Regulation, Funding and Trust
Regulation has been another defining part of Tamara’s journey. In March 2025, the Saudi Central Bank licensed Tamara Finance to provide consumer finance and buy-now-pay-later services. As trust, compliance, and consumer protection are central to the sector, regulatory approval marked a major step in Tamara’s maturation from startup to financial institution.
That licensing milestone also reflected the broader development of Saudi Arabia’s fintech landscape. The Kingdom has been working to deepen financial inclusion, encourage digital payments and expand the role of technology in financial services. Tamara’s growth sits directly within that national transformation agenda.
The company has continued to scale beyond its original BNPL model. In September 2025, Tamara announced a Sharia-compliant asset-backed facility of up to $2.4 billion from major financial institutions, including Goldman Sachs, Citi and Apollo funds. The facility was positioned to support Tamara’s continued growth and expansion of its Sharia-compliant financing products, marking another step in Tamara’s move from payment convenience toward broader financial infrastructure.

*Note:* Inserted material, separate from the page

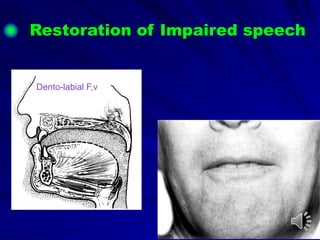 Restoration of Impaired speech
Dento-labial F,v
 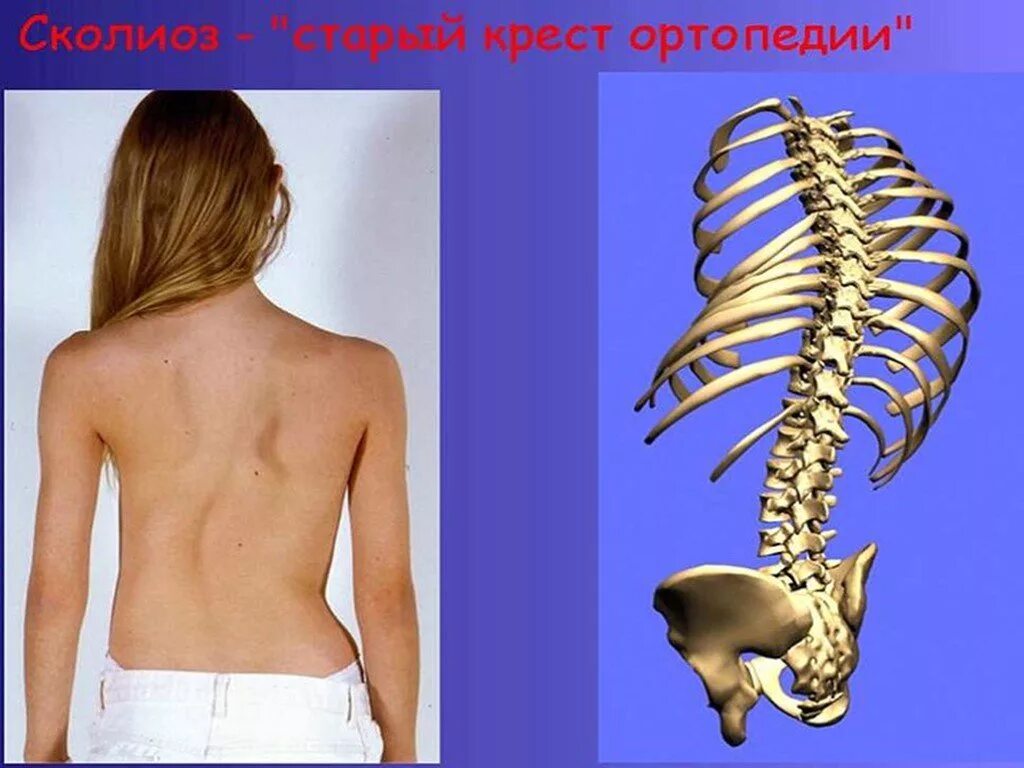 Нарушения развития скелета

Under Alsukhan, Tamara has also worked to build a brand around customer experience. The company has promoted transparent payment options and, in December 2023, announced the removal of late fees from its services. In a sector that can attract scrutiny over consumer debt and repayment behaviour, that move helped position Tamara around trust and customer alignment.
Scaling Beyond the Unicorn Milestone
The leadership challenge now is different from the one Tamara faced at launch. The early question was whether Saudi consumers and merchants would adopt a new payments model. Today, the question is whether Tamara can continue scaling responsibly while expanding its product suite, maintaining regulatory confidence and competing with both regional fintech challengers and global financial platforms.
The next stage will also require balancing ambition with discipline. Tamara’s move deeper into financial services means Alsukhan’s leadership will be measured not only by growth, but by how well the company manages trust, compliance, customer protection, and long-term value for merchants and consumers.
That makes Alsukhan one of the most relevant fintech leaders in the Middle East today. He represents a new generation of Saudi entrepreneurs building companies that are not merely local replicas of global trends, but regionally rooted platforms with international investor backing and institutional ambition.
A Symbol of Saudi Arabia’s Startup Evolution
Tamara’s story also reflects the evolution of Saudi Arabia’s startup ecosystem. A decade ago, the Kingdom’s technology scene was still emerging compared with more established global hubs. Today, Saudi founders are building companies that attract billion-dollar valuations, secure major financial facilities and operate under increasingly sophisticated regulatory frameworks.
Its rise also shows how Saudi startups are moving beyond local proof of concept and into a more ambitious stage of regional scale. Tamara’s ability to attract global investors, work within a regulated financial environment, and expand its product offering reflects a market that is becoming more mature, more competitive, and more closely connected to global fintech trends.
Alsukhan’s leadership stands out because Tamara’s growth brings together several forces shaping the Kingdom’s next economic chapter: fintech adoption, Sharia-compliant finance, consumer credit, digital payments, venture capital, regulation, and Saudi Arabia’s Vision 2030 transformation.
From Momentum to Maturity
The next phase will test whether Tamara can move from category leader to enduring financial platform. Scaling a fintech business is never only about growth. It requires disciplined risk management, strong governance, regulatory alignment, merchant trust and consumer loyalty. In the Gulf, it also requires cultural and financial sensitivity, particularly around Sharia-compliant products and responsible access to credit.
Alsukhan’s achievement so far has been to help turn a payments idea into one of Saudi Arabia’s flagship fintech companies. His challenge now is to prove that Tamara can become more than a unicorn, that it can become a lasting part of the region’s financial infrastructure.
Tamara’s next chapter will show whether a Saudi fintech born from a simple payments idea can grow into a trusted financial platform for the wider region. Alsukhan’s opportunity is not only to scale the company, but to help define what modern, homegrown financial innovation can look like in the Gulf.